Städte- und Gemeindebund fordert "Zeitenwende" in Integrationspolitik
Die Zahlen der nach Deutschland Geflüchteten sind nach Ansicht des Präsidenten des Niedersächsischen Städte- und Gemeindebundes, Marco Trips, zwar hoch, aber beherrschbar. Entscheidend sei die Integration, sagte er auf NDR Info.
Die Länder sehen weiter Handlungsbedarf beim Thema Asyl. Sie drängen die Bundesregierung zu weiteren Maßnahmen, um die Migration besser zu steuern.
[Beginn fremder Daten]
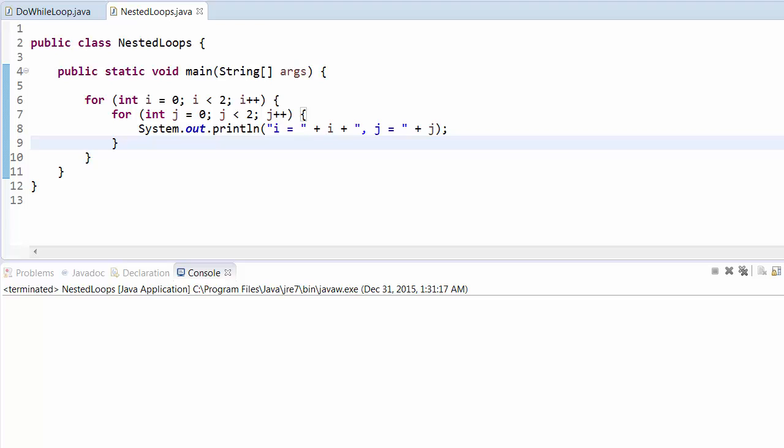Nested loop basically means loops within loops. For example, here you can see that we are using one for loop inside another for loop. In this case, the first loop is operating from i equal to 0 to 2, and second loop is operating from j equal to 0 to 2.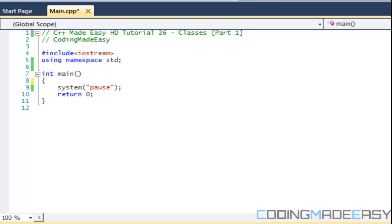Hello everybody and welcome to your 26th tutorial in learning C++ and in this tutorial we're going to be learning about classes.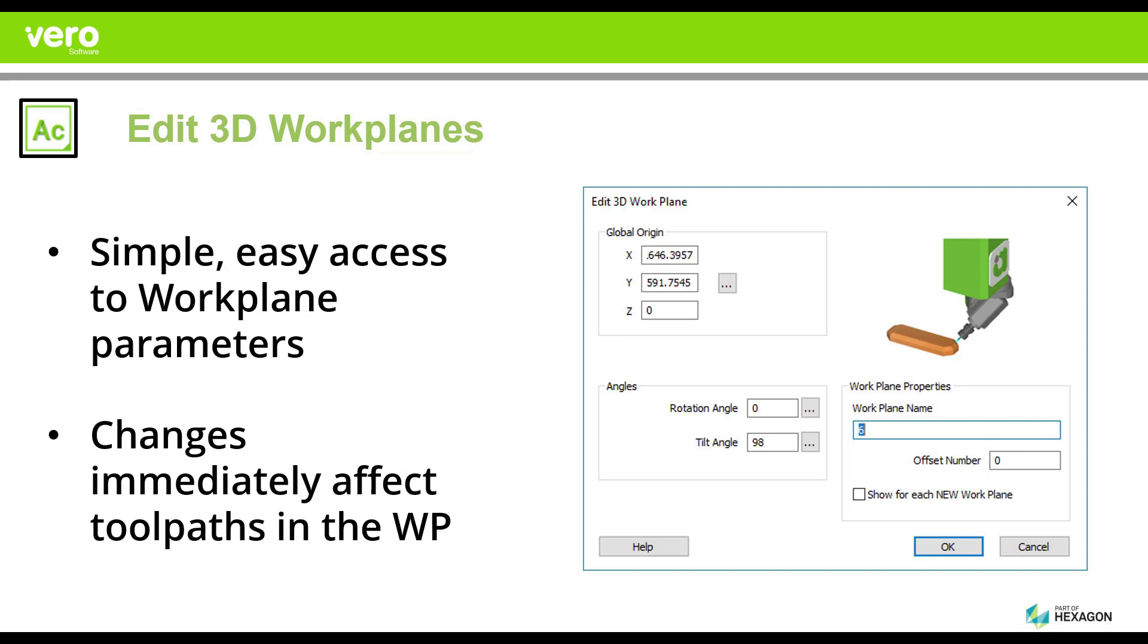You will also see, as I mentioned here, that the changes immediately take effect on the toolpaths, saving you the need of having to sit and wait for a toolpath recalculation.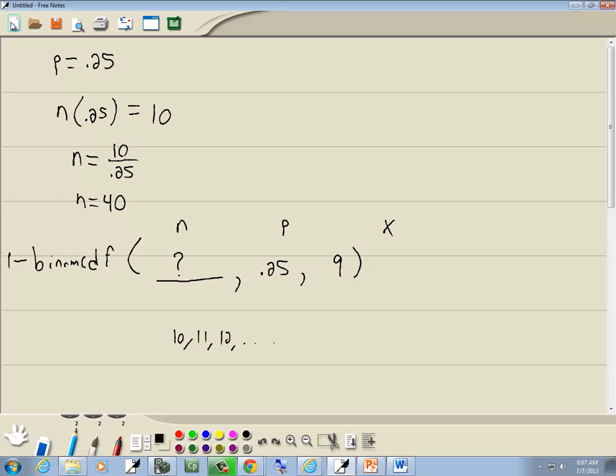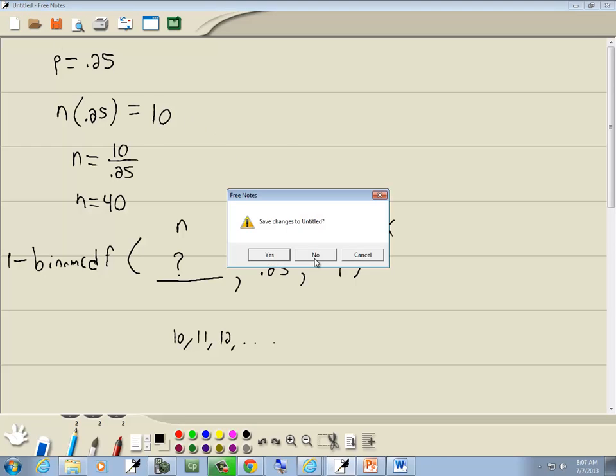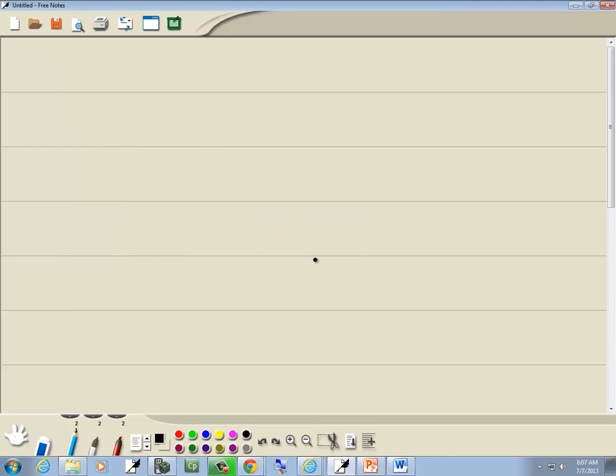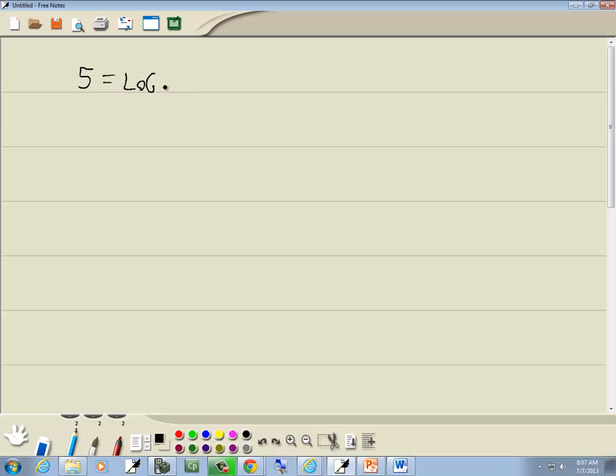I'll just clear my tablet. There you go. Okay, so we've got 5 equals log base 2 of 32.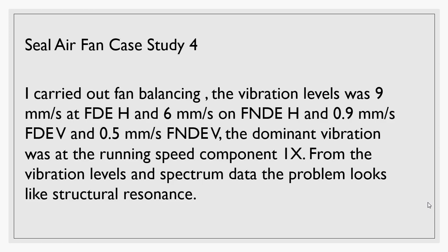One of the main ways to distinguish between unbalance and structural looseness is that in unbalance you will see the vibration will be high on the radial direction, meaning the vibration would be in the horizontal and vertical direction. The vibration level in the horizontal will be like double or maximum triple the vibration in the vertical because the effect of the centrifugal force should affect both horizontal and vertical direction.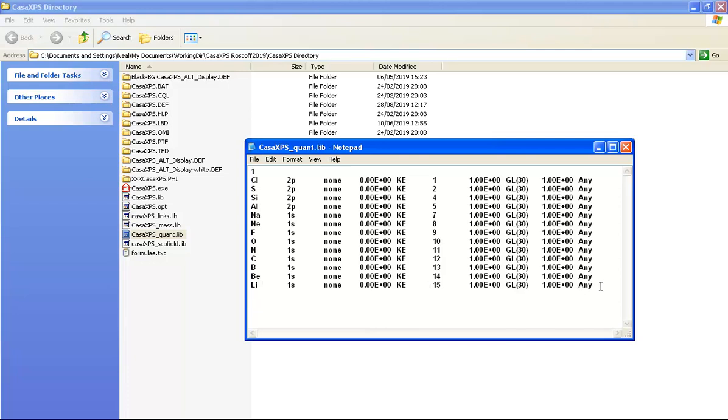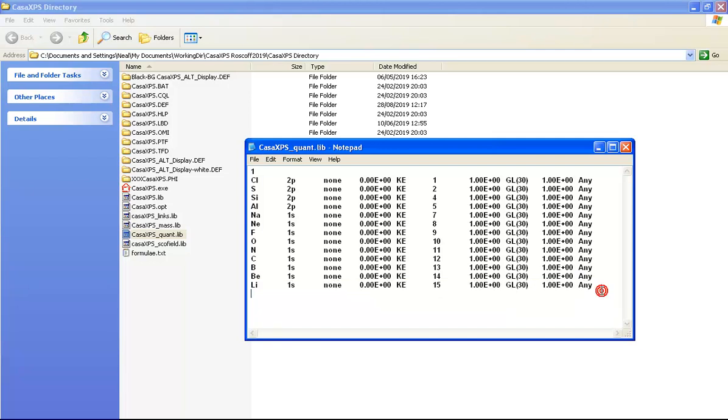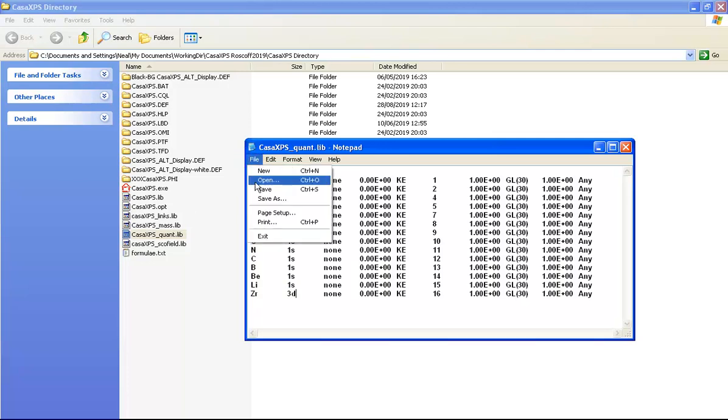These can be added to change the behavior of how the create region button behaves. For example, I could add another entry and make this entry zirconium and specify that I would like to use 3d.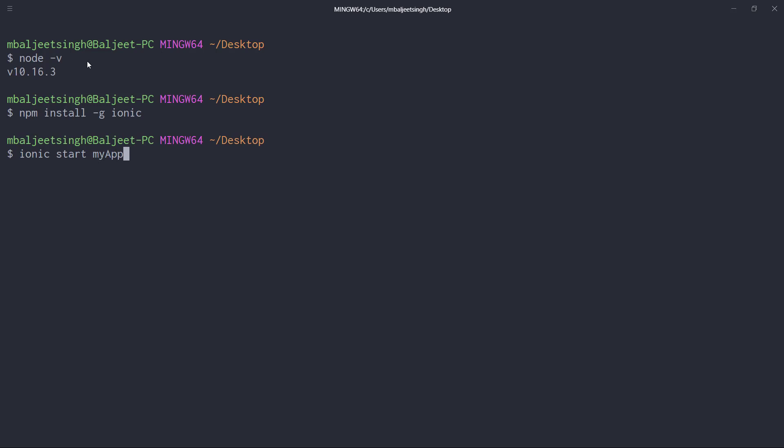After the app name, specify 'tabs' as the template. There are a couple of templates available: blank, tabs, and side menu. After that, add '--type=angular'. Angular is one of various frameworks that work with Ionic — for example React and Vue — but in this example we are going to be using Angular, so we specify '--type=angular'.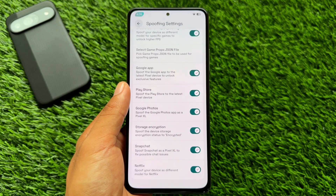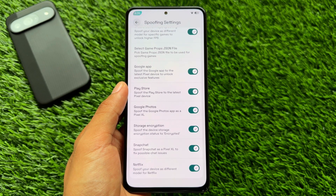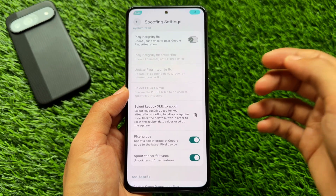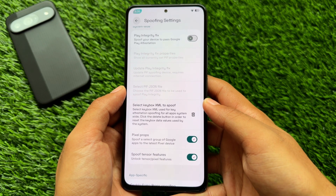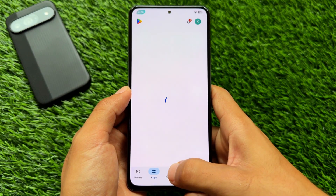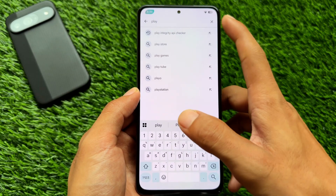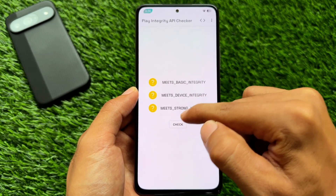Moving on to spoofing options — all the spoofing options you can think of are already present here: Google Apps spoofing, Play Store spoof, Google Photos spoofing, and Netflix spoofing, so you can spoof your device as a different model for Netflix. Other options include Keybox XML support, which means you will be able to pass strong Play Integrity. Let me show you my current Play Integrity status.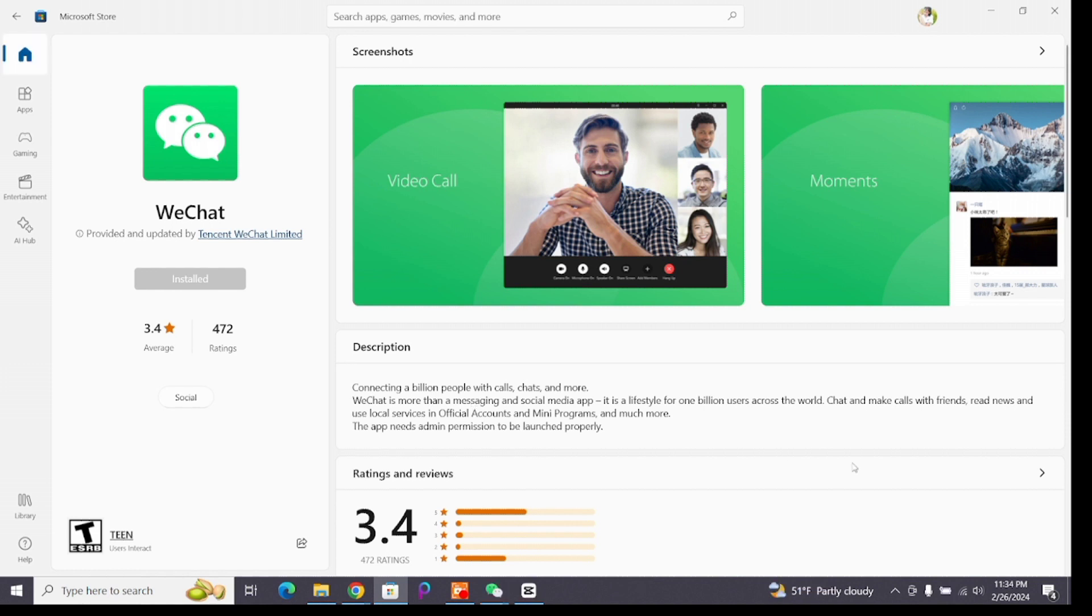Now you can continue using the application by launching it on your device. Create an account with it and start chatting and making calls with your friends.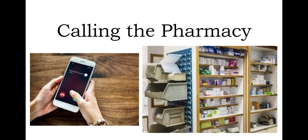Thank you for calling the pharmacy. Press 1 for refills, press 2 to speak to a pharmacist.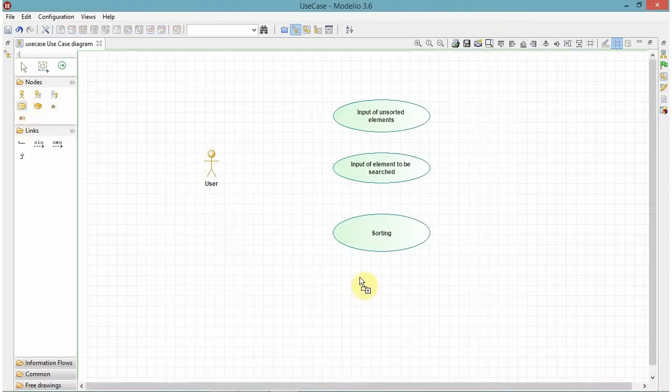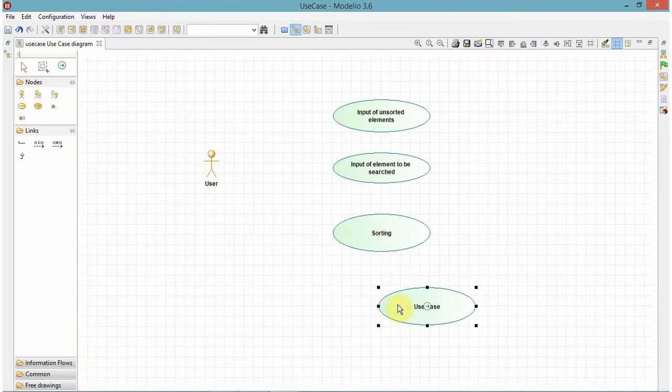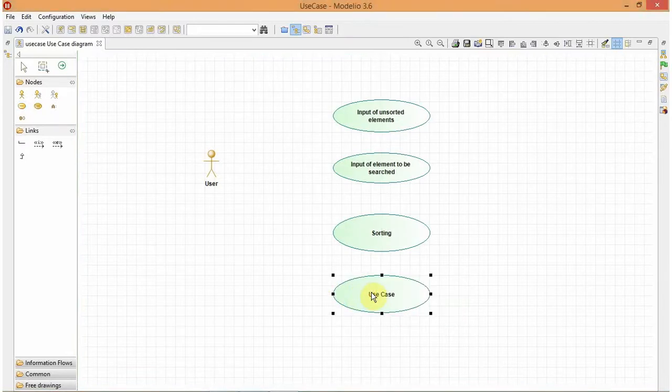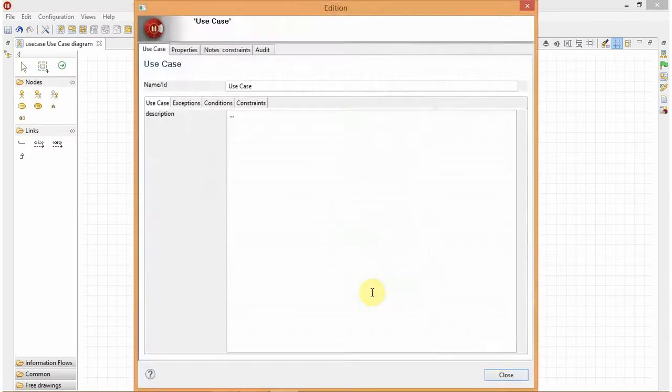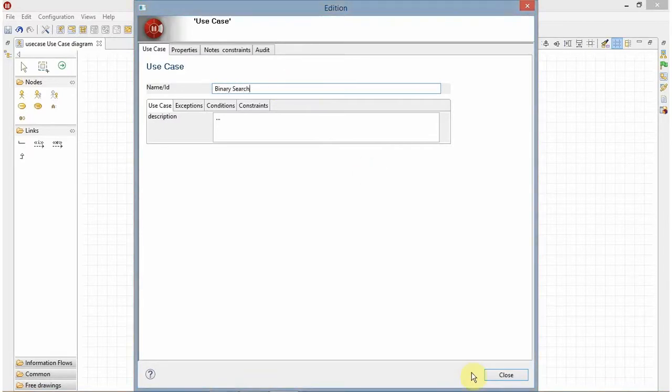Once I get the sorted list, I will perform my binary search operation on that list. So let's make another use case for binary search.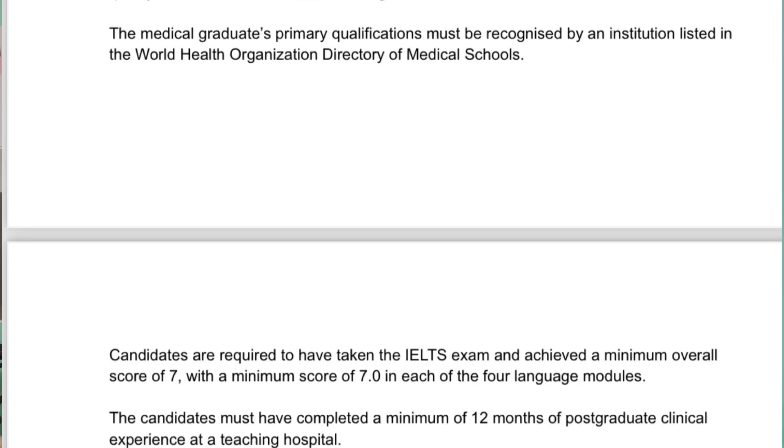For PLAB, medical graduates who have passed from an institution must have their institution recognized by the WHO directory of medical schools - then only can you appear for this exam. You must check if your institute is recognized by WHO or not. For those who want to apply for PLAB, let me clarify the whole criteria. For PLAB, you will have to meet some criteria which are very important.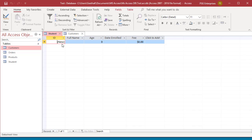Instead, simply press the Tab or Enter key to skip the field. Access automatically puts the number in when you begin entering data in the next field.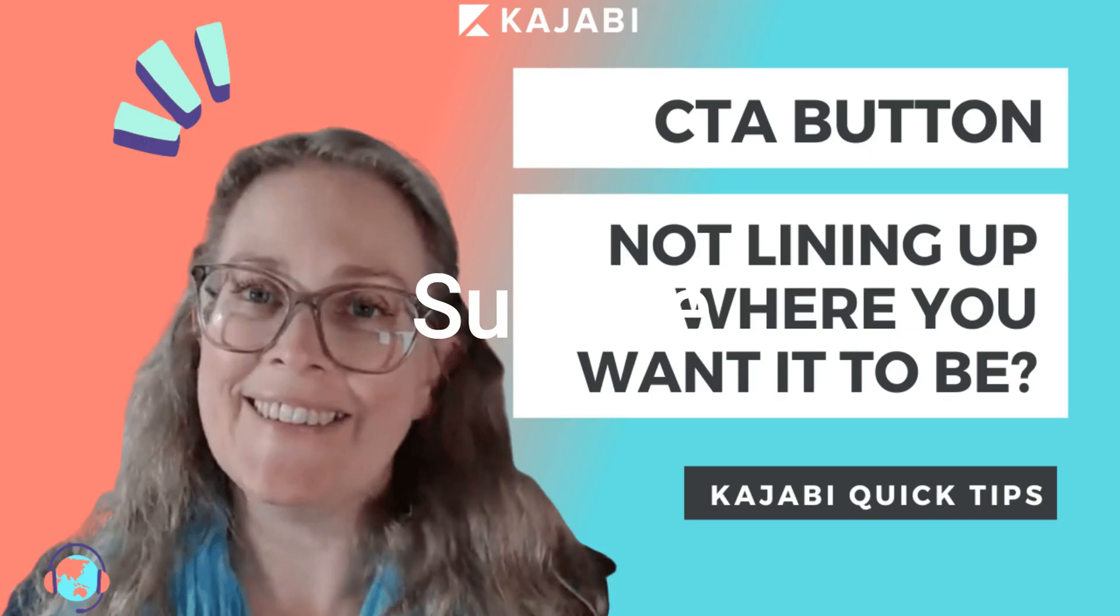Hi, it's Sue here from the Unicorn Advisory, your trusted Kajabi expert with another Kajabi quick tip for you.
Per Beschluss forderten die Ministerpräsidenten bei ihrem am Freitag zu Ende gegangenen Treffen in Leipzig unter anderem eine Beschleunigung der Asylverfahren für Flüchtlinge mit geringen Chancen auf Anerkennung.
Niedersachsens Ministerpräsident Stephan Weil sagte, die Beschlüsse zur Migration seien vielleicht nicht der große Durchbruch. Sie seien aber weitere Bausteine eines Kurses, der in diesem Jahr dazu geführt habe, dass die Asylzugangszahlen zurückgehen.
Niedersachsens Städtebund-Präsident Trips nahm bei seiner Bewertung der MPK-Beschlüsse auf NDR Info den Bund in die Pflicht und berichtete von den Problemen der Kommunen.
Herr Trips, wie sehen Sie das? Werden die Belange der Kommunen in den migrationspolitischen Forderungen genug berücksichtigt?
Marco Trips: Wir haben immer die Sorge: Wie viele können wir unterbringen? Vor allem aber: Wie viele Menschen können wir integrieren? Die Zugangszahlen sind ja nach wie vor sehr hoch, bei 80 Prozent der Höchstwerte. Das ist immer noch sehr beachtlich, und das werden wir auf Dauer nicht leisten können. Insofern würde ich die Einschätzung teilen: Schritte in die richtige Richtung, aber es ist noch nicht der große Wurf.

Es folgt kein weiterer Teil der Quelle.